Scholarship foundation surpasses 40 years, $1 million in educational awards
Forty years. One-million dollars. Both are milestones the Forest Lake Area Community Scholarship Foundation celebrated last Thursday.
A crowd numbering over 100 turned out for a breakfast banquet full of laughs and touching moments at Vannelli’s by the Lake.
A well-rounded lineup of speakers highlighted the 90-minute program by providing insight from all aspects of the scholarship process.
Dr. Lee Sinna, CSF board president, let the numbers speak for themselves: The non-profit organization awards over 100 of the approximately 160 annual scholarship applicants, he said. CSF, in its 40th year, crossed the $1-million threshold in total gifting. That impressive is fueled by approximately 200 donations a year totaling near $85,000.
Sinna discouraged the many donors in attendance from resting on their laurels.
“Ladies and gentlemen, the need for a well-educated and well-trained citizenry has never been greater,” he said. “The ability to provide the financing for the requisite training and education has never experienced a more challenging environment.”
Forest Lake Schools Superintendent Linda Madsen echoed the challenges existing outside of classroom walls, noting that the percentage of students in the district’s free/reduced lunch program has spiked from 11 percent in 2001 to 24 percent in 2012. In such an environment, Madsen said, education becomes even more valuable.
“It really is no longer an option to end your formal learning at high school and expect to get a job that can financially sustain you,” she said. “More is needed. It should be no surprise, then, that with more students attending post-secondary programs, that more are in need of financial support.”
Keynote speaker and longtime CSF donor Gene Hallberg knows a thing or two about financial support. His family’s foundation, which sponsored the banquet, has funded countless good causes in the area over many years. The founder of Wyoming’s Hallberg Marine touted the benefits – both esoteric and from a legal perspective – of disbursing wealth through a foundation.
“It’s been really, really a rewarding time. Don’t be away to give away what you have…You need to give and you need to help other people and you need to give back to the community. You need to help those in need.”

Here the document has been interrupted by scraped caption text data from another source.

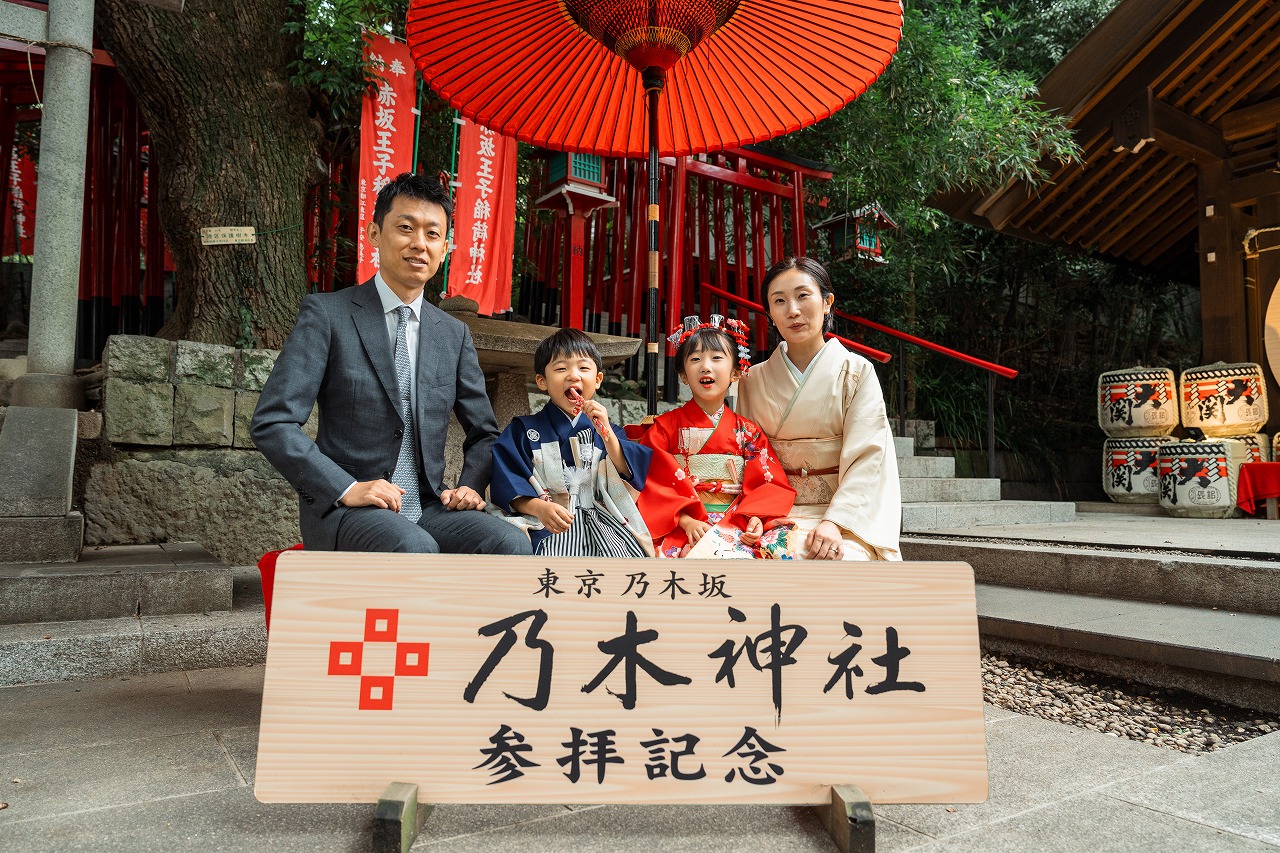乃木神社 七五三 家族写真 参拝記念看板前で並ぶ一枚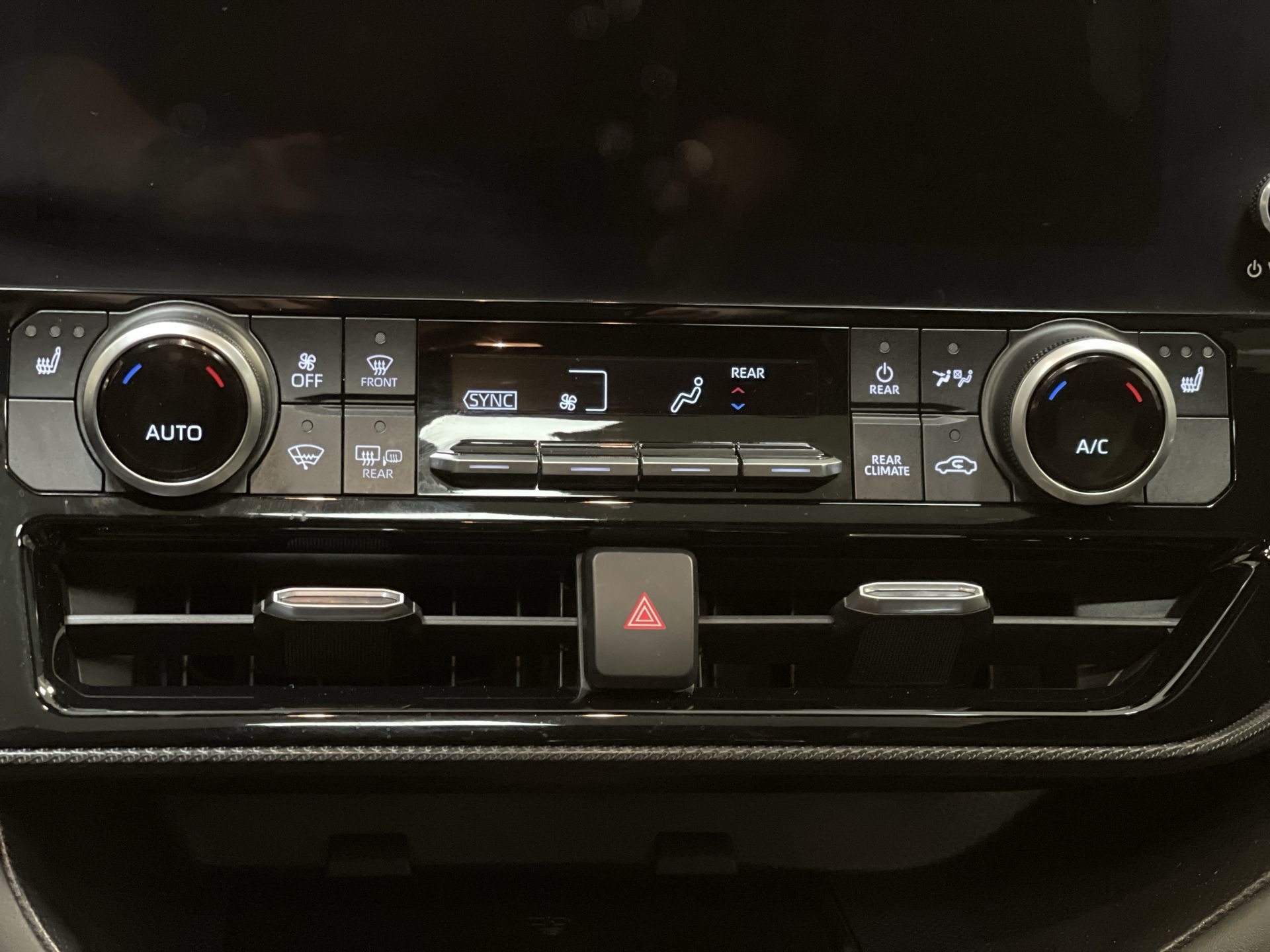 2024 Toyota Highlander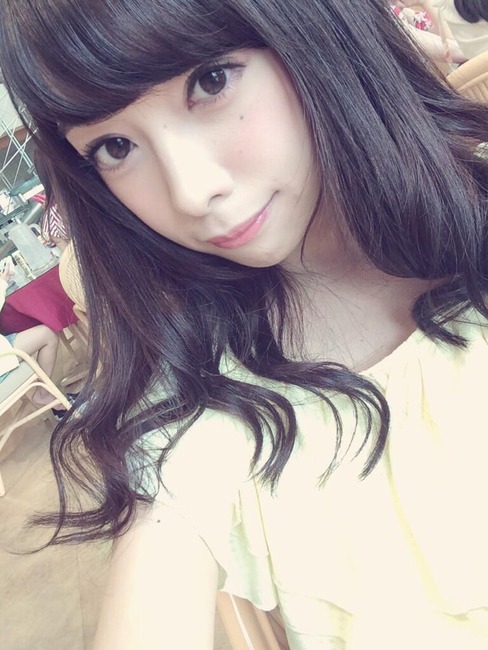 宮本彩希の胸の谷間に飛びつきたくなる自撮りエロ写メ・画像40枚 40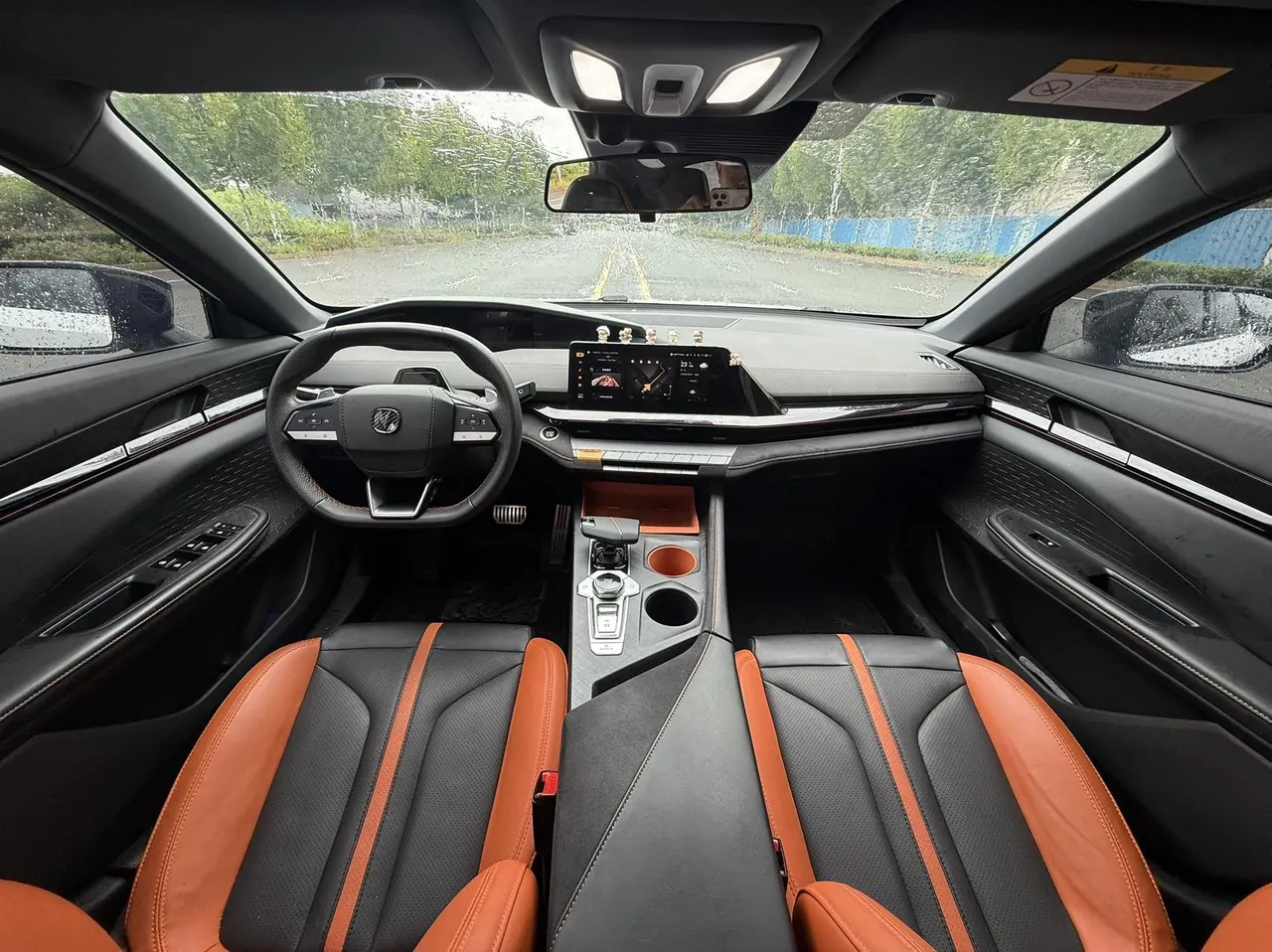 ChangAn 2024 UNI-V 1.5T Distinguished Sports Automatic 6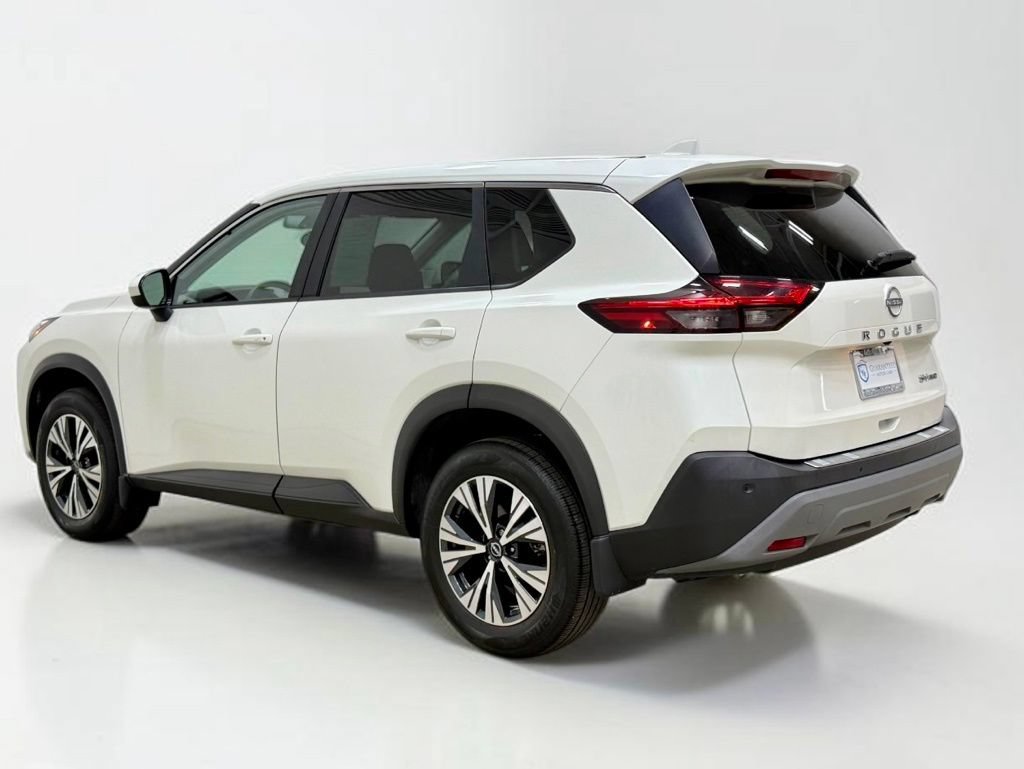 Used 2023 Nissan Rogue SV AWD/4WD image 15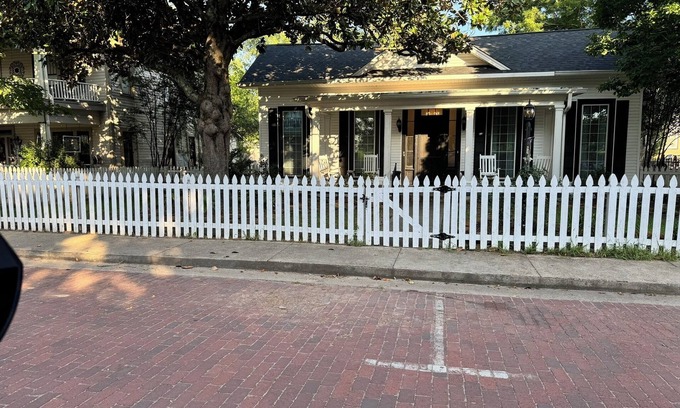 Jefferson House | "The Koop" A jewel in JeffersonnSide B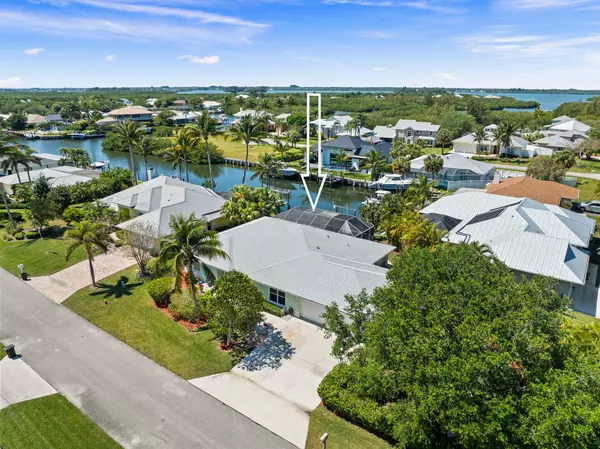 Hutchinson Island, FL 34949,139 Commonwealth CT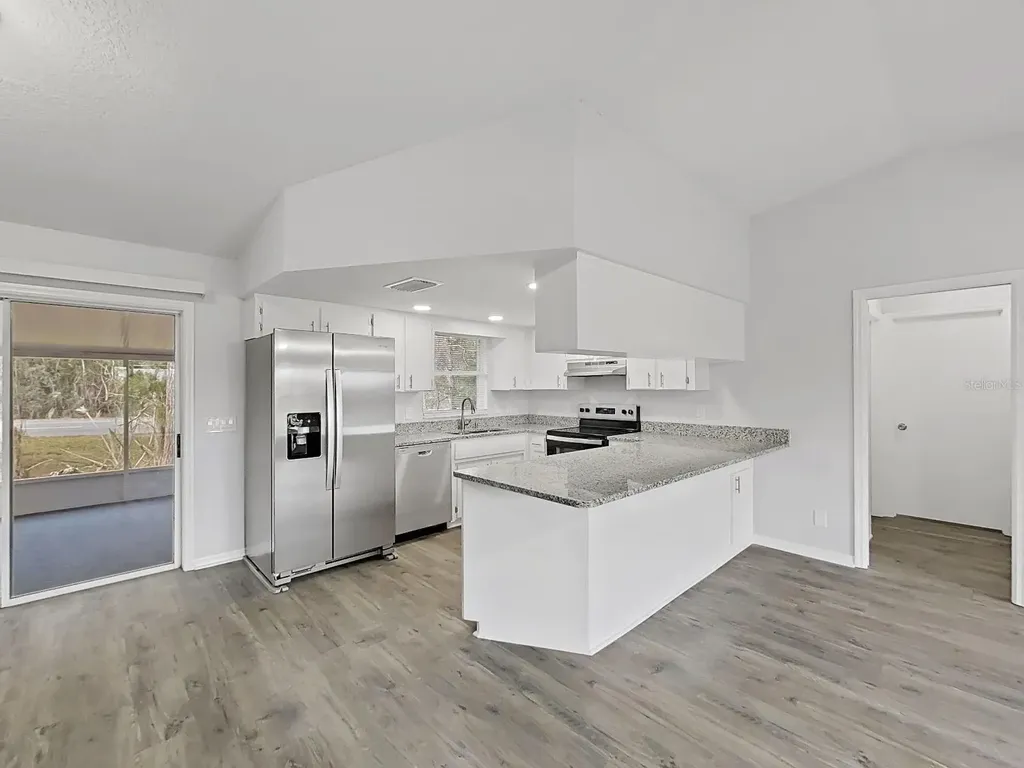 902 Great Pine Point Inverness FL 34452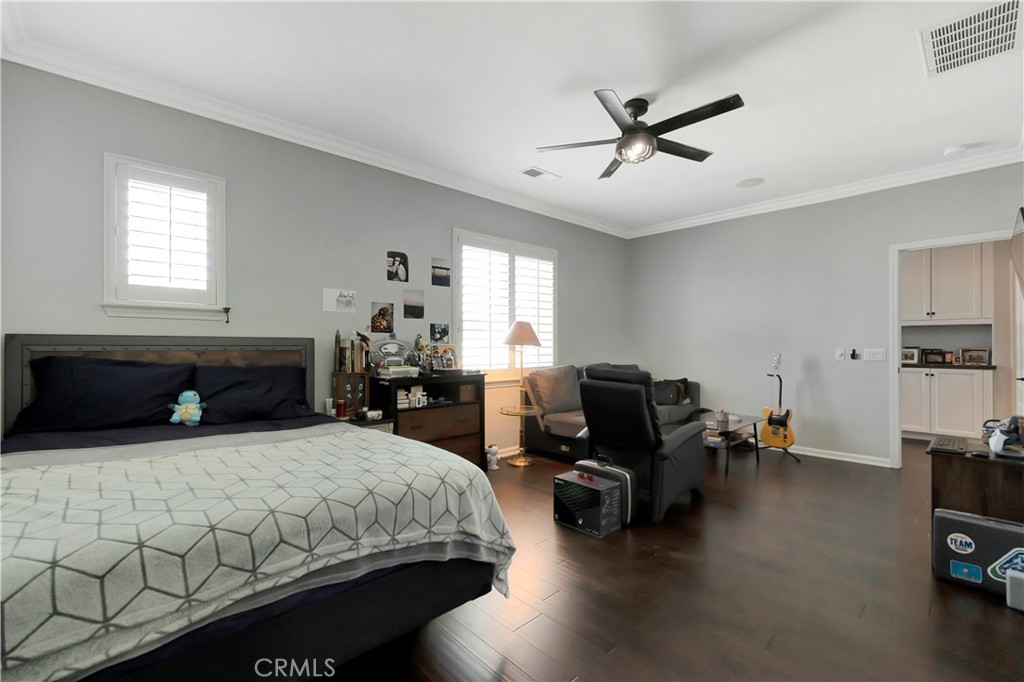 302 Summit Crest Lake Forest, CA 92630 - Photo 25 of 40 Bedroom #2 EnSuite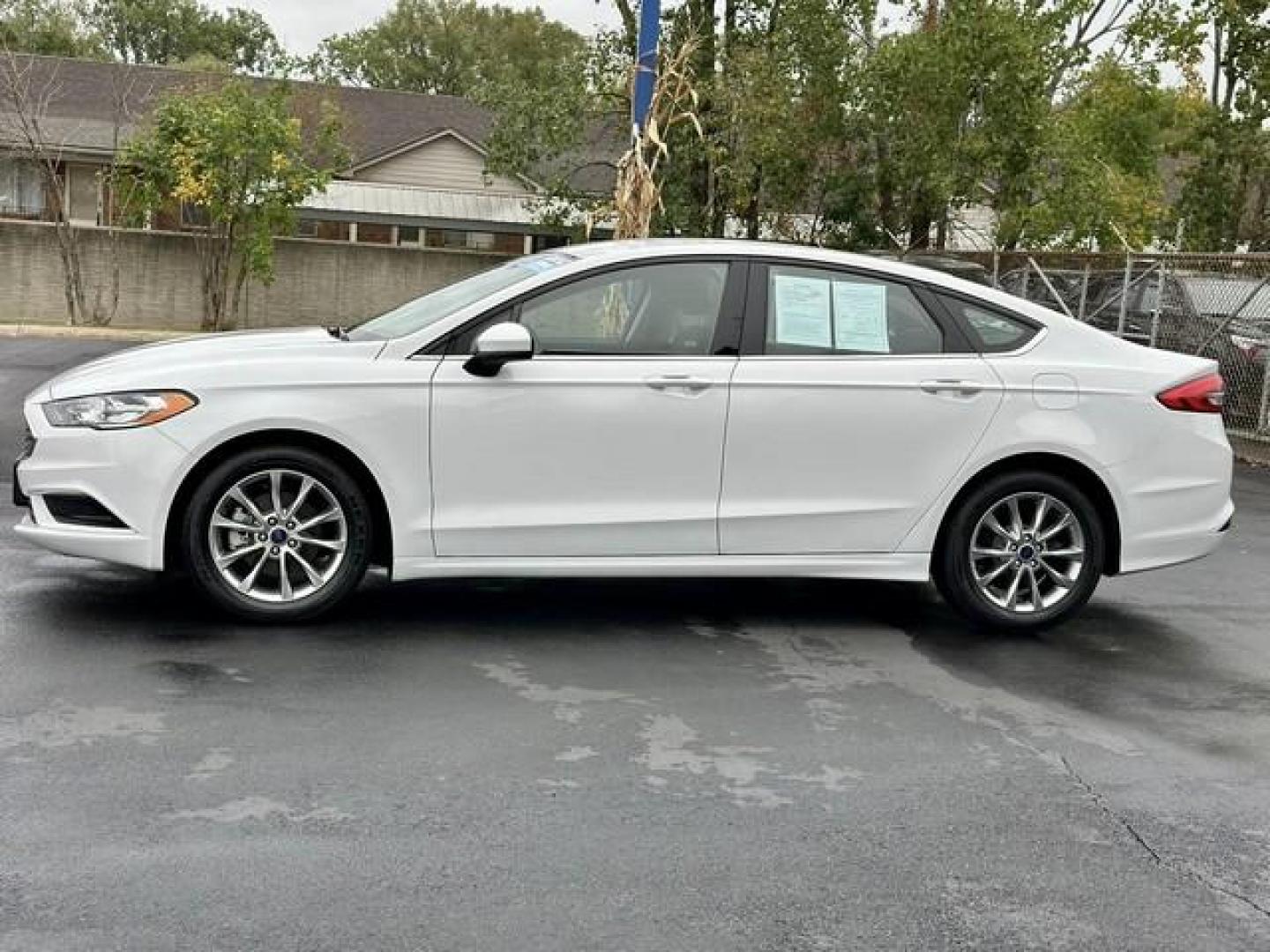 2017 WHITE FORD FUSION (3FA6P0H76HR) with an L4,2.5L(152 CID),DOHC engine, AUTOMATIC transmission, located at 14600 Frazho Road, Warren, MI, 48089, (586) 776-3400, 42.485996, -82.974220 - Photo#7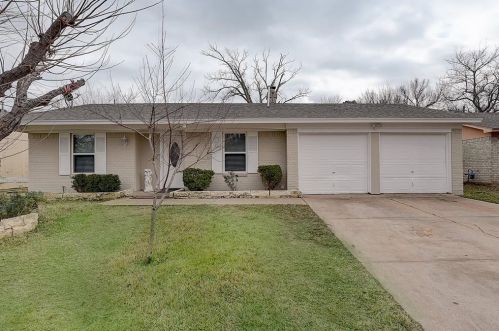 3720 Royal Crest Dr, Fort Worth, TX 76140-2717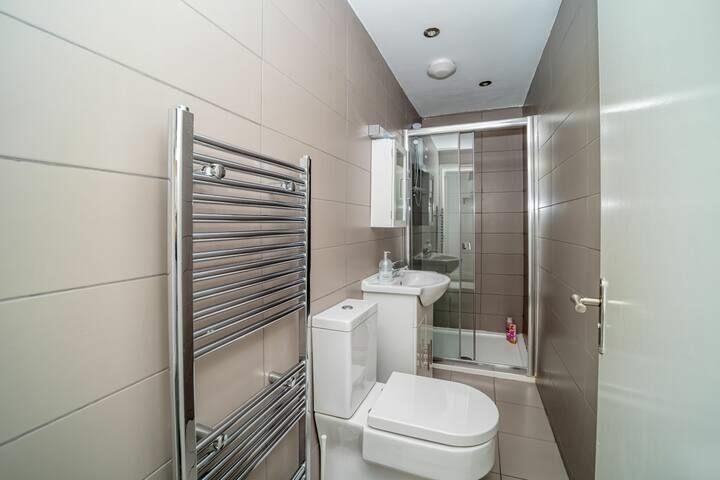 Additional property image - Western Road, Hove
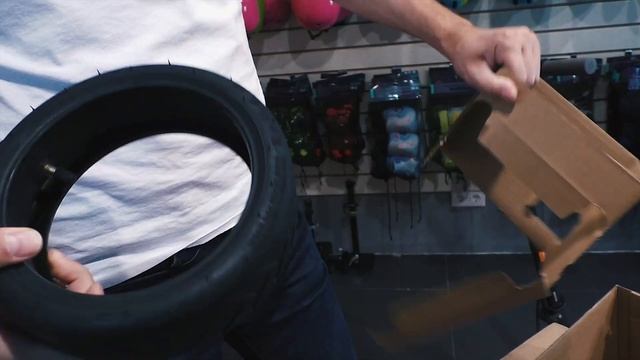 Электросамокат Xiaomi 1S Euro, отличие только в упаковке? смотреть онлайн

The scholarship foundation was founded in 1973 by former Forest Lake Times publisher Duane A. Rasmussen and high school guidance counselor Virgil Grove, along with other educators from the high school. It has come a long way since that first year, when the fledgling organization failed to produce a single scholarship.
This day and age, CSF attracts a high volume of donations and scholarship requests, and a sophisticated system is in place to ensure that assets are maximized. Every dollar that comes in is given out for college, vocational or trade school tuition. In addition to one-time donations, CSF currently monitors the investments of 10 endowments and oversees the disbursement of 41 named scholarships.
On the other end, about a dozen volunteers review each application. The entire process, from application to scoring to awarding, is streamlined electronically thanks to a $25,000 grant from Wells Fargo that was matched this year thanks in large part to the Forest Lake Rotary Club.
CSF raises extra funds through two annual events. The Pat Cheyne Memorial Golf Fundraiser is held in the fall and honors the legacy of a longtime Forest Lake teacher and coach. This year, the outing raised over $10,000. Each spring, local businesses help collect funds from the public through a dollar drive.